Proposed CM-YYPO aims to integrate crossover operator and mutation operator based on YYPO, with details as follows. (1) In the crossover stage, an elitist strategy is adopted to enhance the global optimization ability of the algorithm. (2) In the mutation stage, an improved adaptive mutation probability is introduced to improve the ability of the algorithm to jump out of local optimum. (3) Use only D-way splitting to improve the performance of YYPO for solving high-dimensional problems.

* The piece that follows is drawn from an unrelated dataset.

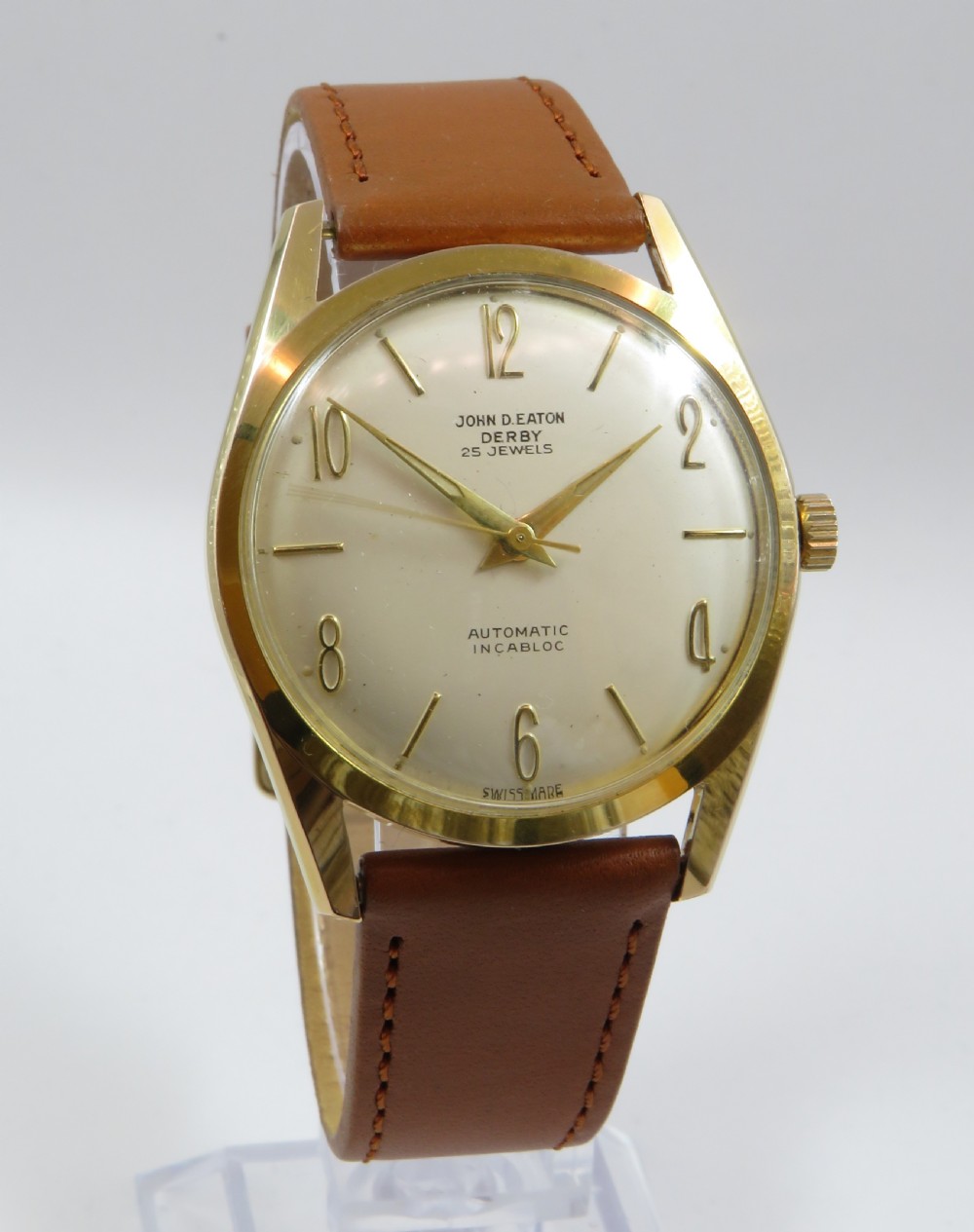 Gents 1950s automatic wrist watch, super condition View II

The rest of this paper is organized as follows. Section 2 describes the YYPO algorithm. Section 3 presents the CM-YYPO algorithm proposed in this paper. Section 4 gives the experimental analysis of CM-YYPO by benchmark function test results. Section 5 concludes the work.

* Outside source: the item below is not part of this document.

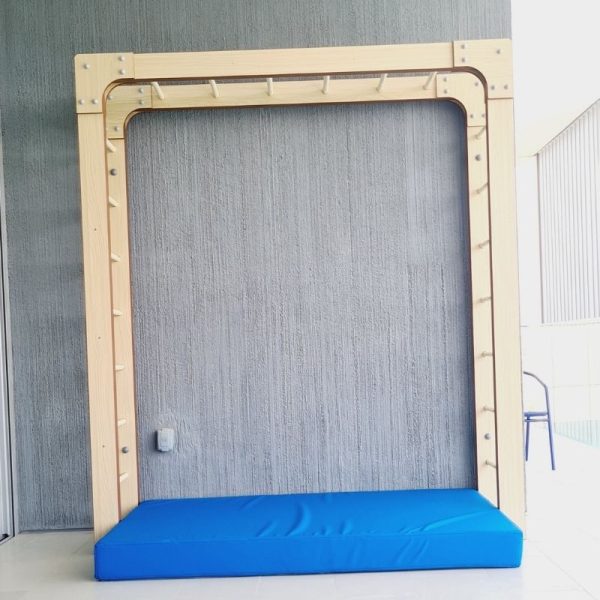 Moon Kids Monkey Bars With Safety Mattress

2 Yin-Yang-Pair Optimization (YYPO)

The algorithmic idea of YYPO comes from Chinese philosophy, which uses two points (P1 and P2) representing Yin and Yang to balance local exploitation and global exploration. The points P1 and P2 are the centers of the hypersphere volumes in the variable space explored with radii δ1 and δ2. δ1 tends to decrease periodically, while δ2 is the opposite.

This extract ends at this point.